November 9, 2021
The Fraunhofer Heinrich Hertz Institute (HHI) is involved in the newly launched research project "BerDiBa" (Berlin Digital Railway Operation) with its departments "Artificial Intelligence" and "Vision & Imaging Technologies". In the project, the 12 partners, coordinated by consortium leader Siemens Mobility, are researching novel technologies for automated rail driving and testing them under real operating conditions. BerDiBa is scheduled to run for four years. It is being funded by the state of Berlin with 7.6 million euros from the ProFIT innovation funding program. The total volume of the BerDiBa project is 13.7 million euros.
Autonomous driving in the automotive industry has been the subject of extensive research for years. Now, researchers are aiming to exploit the potential of automated operations in rail transport as well. The BerDiBa consortium project wants to lay the foundation for this by using innovative technologies to detect obstacles in the track and hazards to passengers on the train on the one hand and monitor changes in the rail infrastructure on the other. In this respect, digital rail operations encompass three aspects: Driverless trains, automatically scheduled maintenance, and the possibility for remote control for situations in which autonomous travel is not possible, for example, due to weather. The basis for this is high-performance sensor systems for perceiving the environment on and in the train. The aim is to make rail traffic safer and processes more efficient.
One key technology in BerDiBa is the powerful and holistic digital replication of rail operations as a so-called digital twin with all necessary status information of trains, train interiors, environment, and infrastructure. Within this context, the change of the operational railroad processes over time poses a unique challenge. Hence, to create a powerful digital twin, past and current data must be continuously integrated, modeled, and analyzed. Accordingly, artificial intelligence (AI) and computer vision (CV) methods play a fundamental role.
"With our expertise in neural network compression, interpretability of AI methods as well as robust object recognition and scene analysis, we can help ensure that the technologies and techniques used are real-time capable, explainable and resilient," explains Wojciech Samek, head of the "Artificial Intelligence" department at Fraunhofer HHI. "These are necessary requirements to realize digital, fully automated real-time control of rail operations using the compiled data."

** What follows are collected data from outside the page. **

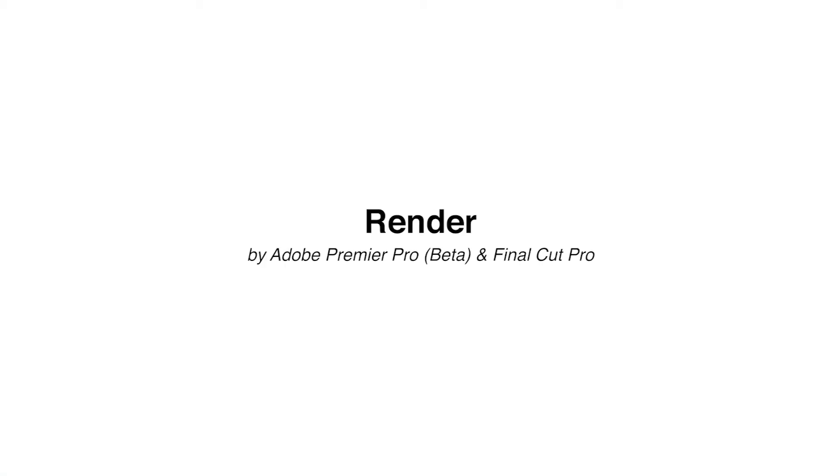But in today's video I'll show you how long it took me to render my previous video which was in 4K using Adobe Premiere Pro beta version and Final Cut Pro.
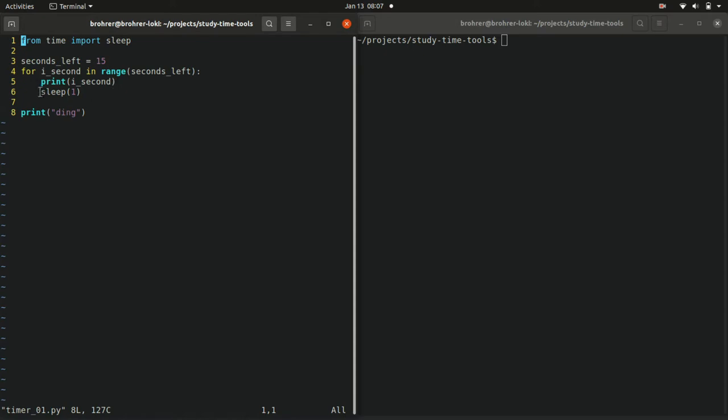This merits a little bit of unpacking. Let's start with the range keyword. This is a function that's so useful it's built into Python.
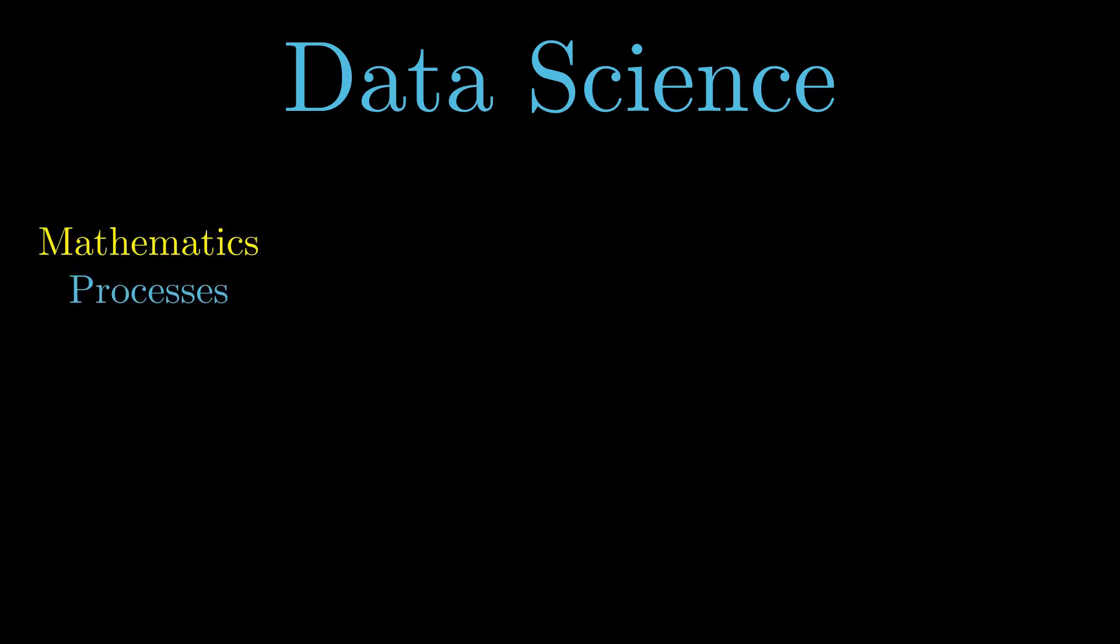In this video we will start with data science and machine learning. First, let's talk about what data science is and what we can do with it. Data science is a combined field that uses mathematics, processes, algorithms, and systems to extract knowledge and insights to provide meaningful information based on large amounts of data.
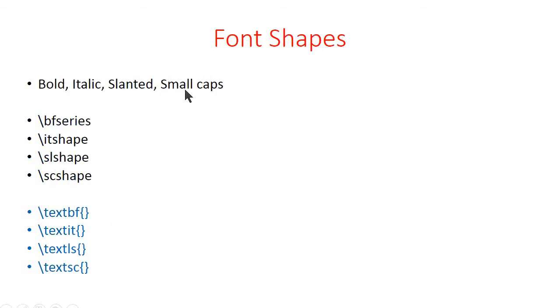For font shapes also we have two types of commands - declaration or switch type of commands and simple commands.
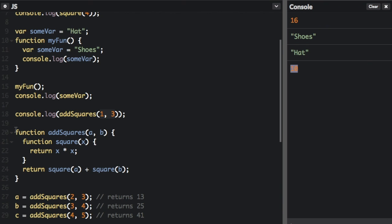That's the basics of functions. Thanks for watching. My name is Beau Karnes — don't forget to subscribe, and remember, use your code for good.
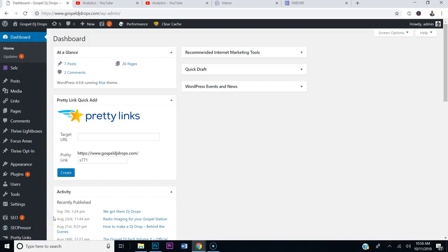Hello, everybody. How you doing? It's your boy, Pastor Dre, right here at creatingwebsite.org. I'm about to make some adjustments to my website, so I wanted to give you some behind-the-scenes access.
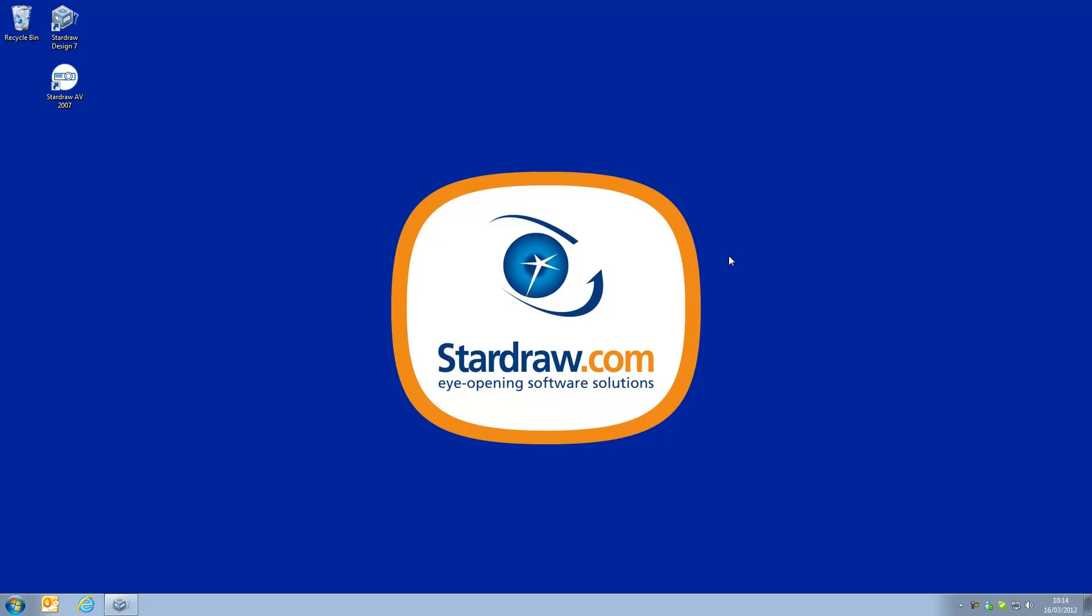This movie is for users of our legacy applications Stardraw Audio 2007 and Stardraw AV 2007 and it shows how you can utilize custom symbols generated in those older applications in Stardraw Design 7.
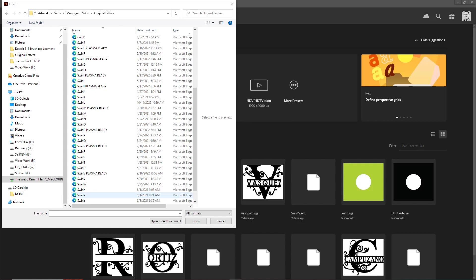A lot of times you'll buy an SVG off of Etsy or iStock or one of those, and some of the lines will be too fine to cut on your plasma cutter because basically they'd melt through. So let me show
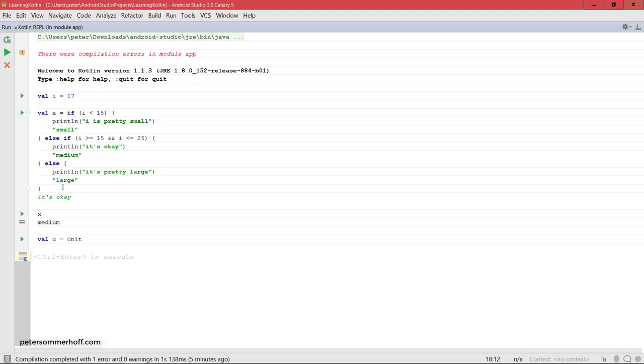But remember that you do have this possibility and it's actually quite useful in order to avoid that x here has to be initialized with null before the if statement just in order to then set it inside, which is how you often have to do it in Java.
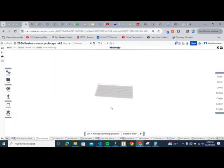In the next video, we'll go ahead and bring in parts and start setting up toolpaths.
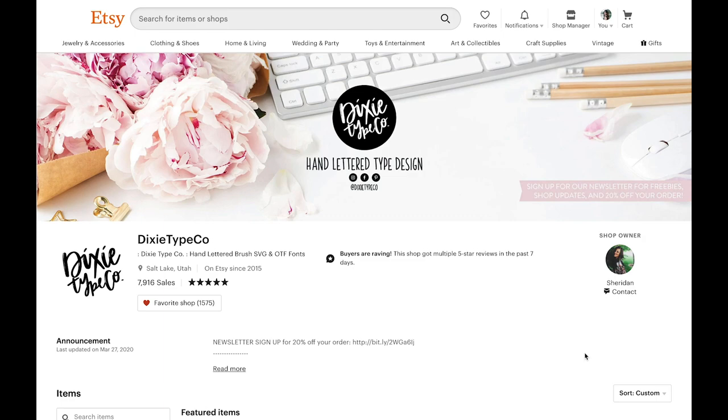Today's video is on fonts. This time we are going to talk about the different types of fonts. Is it an OTF or a TTF or a letter set? And if that all sounds like gibberish to you, then this is the perfect video for you.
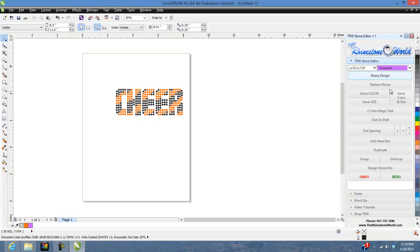Hope this video helped you out and hope you like the new upgrades and layout for TRW Stone Editor version 1.1. We are still working on our TRW Stone Wizard rhinestone software and we're going to be releasing that soon. We wanted to make sure we got the X6 64-bit version out for all of you who were waiting — you've already paid for this program so we didn't want to forget about you. We spent a lot of time getting this done, which slowed us down a little on the TRW Stone Wizard, but now we can get back to finishing that coding and release it in the near future.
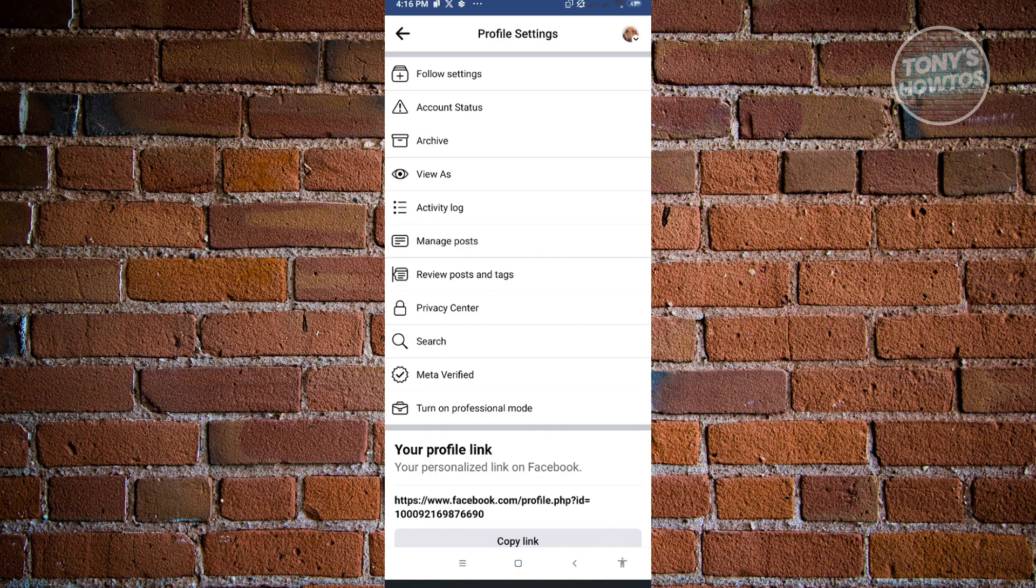Now once you've turned off your professional settings, as you can see right now it says turn on professional mode, which means I've already turned off my professional mode on my account. Now here, let's just go back to our previous screen in the menu.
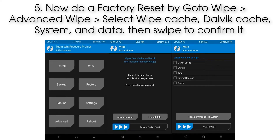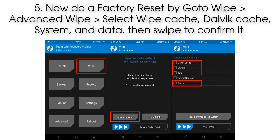Step 5: Now do a factory reset by going to Wipe, then Advanced Wipe. Select wipe cache, Dalvik cache, system, and data, then swipe to confirm it.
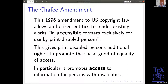The Chaffee Amendment promotes a social good of equality of access — in particular, it promotes access to information for persons with disabilities. So that's the difference between 'accessible' and 'access'.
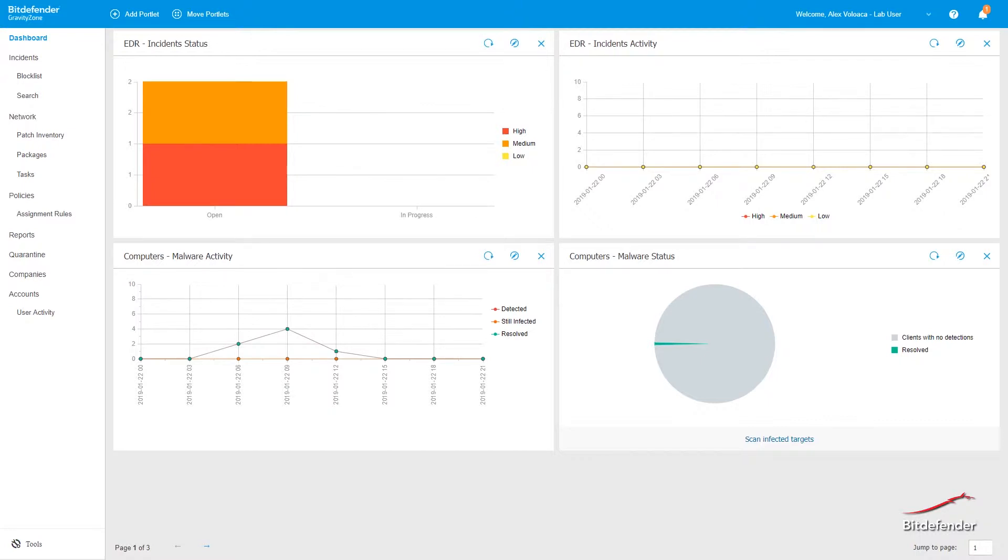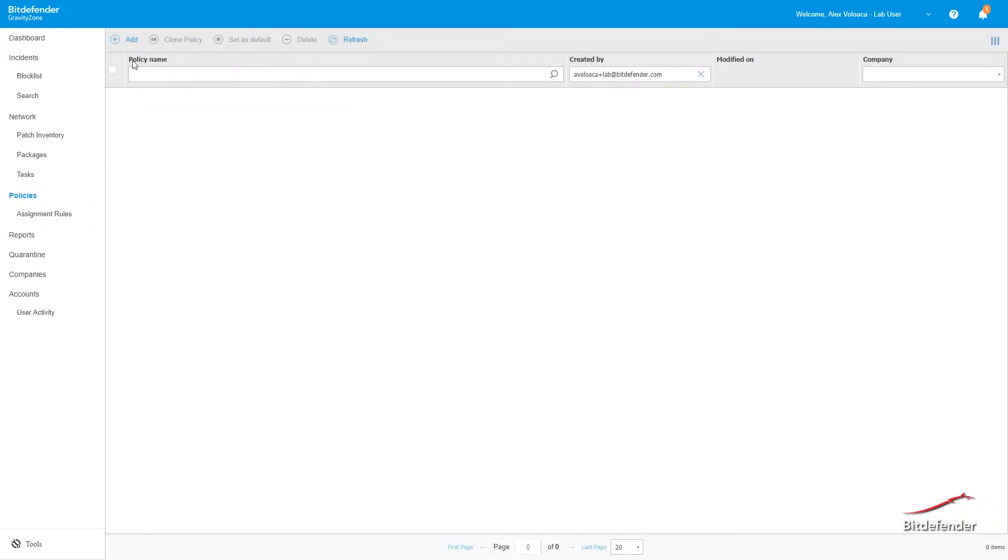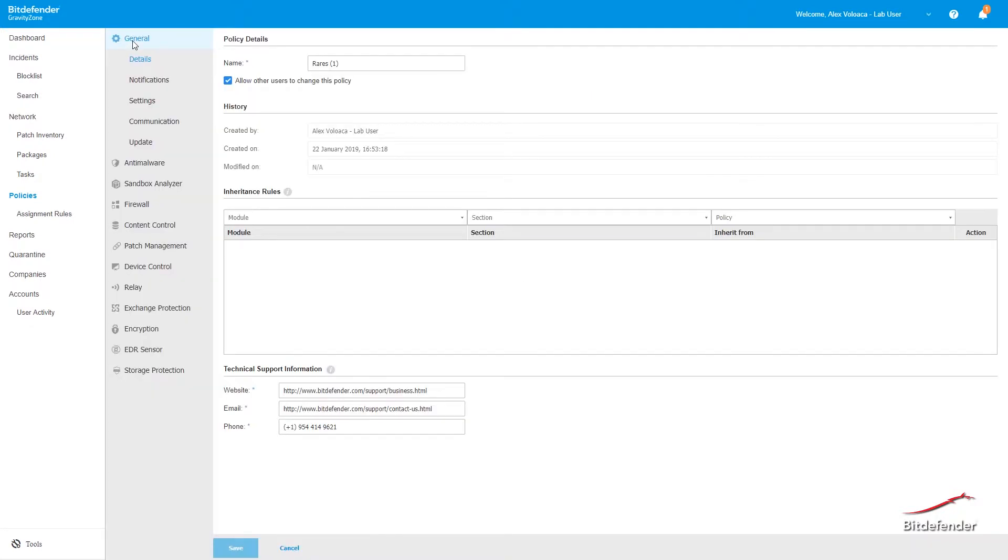This is done via Policies, so once you log into your GravityZone management console, navigate to Policies from the left-hand menu and click on the Add button located in the top toolbar.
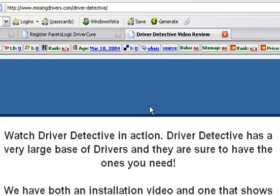Hi, this is John Stevens with MissingDrivers.com. In this video, this is part one of two. We're going to cover just the installation of Driver Detective. In the next video, we'll actually show you how to use Driver Detective. This is an absolutely great product. It's one I used to use all the time with my computer repair business whenever I was doing tune-ups.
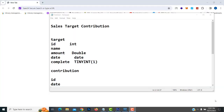Hi friends, welcome to Tutors Funny channel. Today I am going to teach Sales and Target Contribution MVC WOP project using Java Swing application.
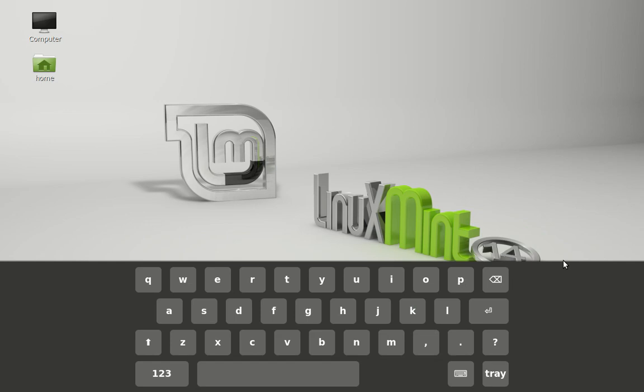Now you can see the on-screen keyboard is displaying right now, so to go back just click this icon down here, the keyboard icon.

"We are pleased that the Berlin Senate is funding research into the rail transport of the future in order to make rail travel more efficient, environmentally friendly and safer," says Peter Eisert, head of the "Vision & Imaging Technologies" department at Fraunhofer HHI. "We have already been successfully researching the use of two- and three-dimensional computer vision methods as well as 3D scene analysis in various application areas such as mobility for years. In this project, we can bundle our skills and develop new methods together with our consortium partners and test them right away under real conditions."
Alongside Fraunhofer HHI and Siemens Mobility, Fraunhofer FOKUS, TU Berlin, ITQ, DFKI, DCAITI, Neurocat, Teraki, acs plus, AAI, GSP and Zuse-Institute are also involved in the research project.